Table 1 Probability of having parents at different ages: Switzerland 1900 and 2000

For middle-aged men and women, the development towards a longer common lifespan clearly has a positive dimension, as women and men experience the extension of a mainly positively loaded social relationship. At the same time, there is an other side to consider as well. Today, the years between 40 and 60, the period of middle age, have become the life phase when most men and women have to deal with the loss of both parents—a loss with a remarkably strong psychological impact, as the third part of this contribution will illustrate. In many cases, the death of the parents is preceded by a period of aging parents experiencing a high risk of being dependent on informal or formal care. In Switzerland, after the age of 65, the mean life expectancy of women was 20.6 years (including 16.3 years of disability-free life expectancy and 4.3 years with chronical disabilities) in 1997/1999. Men after 65 years of age lived on average 16.7 years (13.0 years disability-free and 3.7 years with chronical disabilities) (Höpflinger and Hugentobler 2003). Even though in Switzerland, as in other European countries like France (Robine et al. 1998) or Austria (Doblhammer and Kytir 1999), the disability-free life expectancy of the elderly population has significantly increased, the last phase in the life of old parents is often accompanied by a substantial burden of care for their middle-aged children. The burden of care is particularly heavy in case of dementia (and as parents get older, the risk of being affected by dementia increases rapidly).

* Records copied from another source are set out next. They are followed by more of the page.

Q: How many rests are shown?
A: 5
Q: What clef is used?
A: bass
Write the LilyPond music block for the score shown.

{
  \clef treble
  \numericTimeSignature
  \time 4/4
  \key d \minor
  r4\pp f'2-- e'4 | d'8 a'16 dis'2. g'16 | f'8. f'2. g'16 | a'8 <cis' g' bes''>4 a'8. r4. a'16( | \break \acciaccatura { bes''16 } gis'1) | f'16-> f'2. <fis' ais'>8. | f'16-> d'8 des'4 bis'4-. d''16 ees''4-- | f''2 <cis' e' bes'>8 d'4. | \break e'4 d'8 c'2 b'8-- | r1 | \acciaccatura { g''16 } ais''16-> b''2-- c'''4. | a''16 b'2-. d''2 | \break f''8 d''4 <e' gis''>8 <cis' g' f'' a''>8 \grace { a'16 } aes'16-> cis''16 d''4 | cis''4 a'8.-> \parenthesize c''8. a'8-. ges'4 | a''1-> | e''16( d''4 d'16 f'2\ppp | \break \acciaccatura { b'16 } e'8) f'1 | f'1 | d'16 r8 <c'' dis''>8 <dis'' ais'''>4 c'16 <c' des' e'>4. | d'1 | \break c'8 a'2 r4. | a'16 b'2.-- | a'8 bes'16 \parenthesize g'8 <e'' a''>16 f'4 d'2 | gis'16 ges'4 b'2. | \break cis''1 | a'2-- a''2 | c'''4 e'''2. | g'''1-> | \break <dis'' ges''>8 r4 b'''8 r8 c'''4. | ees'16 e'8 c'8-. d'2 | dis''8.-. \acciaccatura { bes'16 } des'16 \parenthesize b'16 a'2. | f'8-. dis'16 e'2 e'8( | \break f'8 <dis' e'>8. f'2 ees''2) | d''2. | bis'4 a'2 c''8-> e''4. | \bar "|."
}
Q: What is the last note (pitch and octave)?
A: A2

From a demographic perspective, the longevity of the parent generation, in combination with a low fertility of the children generation, affects the intergenerational kinship structures in a major way. The intergenerational situation can be particularly difficult for the children of today’s middle-aged ‘baby-boomers’. Compared to their parents, those with demographically strong birth cohorts had a significantly lower fertility rate, leaving their own children with a strongly increased burden of intergenerational care. The changing intergenerational structure can best be measured by using so-called ‘parent-support ratios’ (Myers 1992). This demographic indicator illustrates the changing numeric relationship between the aging parent generation and the next generation. The data in Table 2 indicate the expected development of parent-support ratios, or in a simplified way the intergenerational burden of the middle-aged, according to two population scenarios. The first scenario reflects the long-term effect of current trends (low fertility, no increased immigration and moderate increase of life expectancy). The second scenario is also based on low fertility trends (and no increased immigration) but includes the perspective of a strong increase in the life expectancy of the elderly (65 years of age and older), reflecting the possible effects of rapid medical progress in dealing with age-related disabilities.

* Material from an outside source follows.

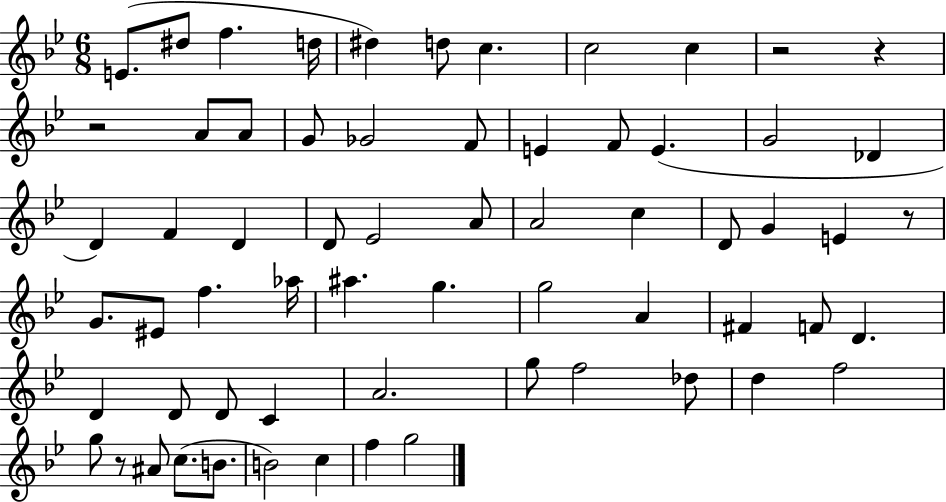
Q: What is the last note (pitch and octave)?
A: G5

Table 2 Development of parent-support ratios according to population scenarios: Switzerland 2000–2060

In both scenarios the expected intergenerational changes indicate rapidly increasing parent-support ratios. From 2000 to 2060, the number of persons aged 80 years or older per 100 persons aged 50–64 years is expected to rise from 22.5 to between 43.7 and 59.3. During the next decades a longer common intergenerational lifespan is accompanied by a larger intergenerational burden for middle-aged men and women. The parent-support ratios increase particularly strongly if the elderly live even longer than actual trends indicate.

The middle-aged as ‘sandwich generation’: myth or reality?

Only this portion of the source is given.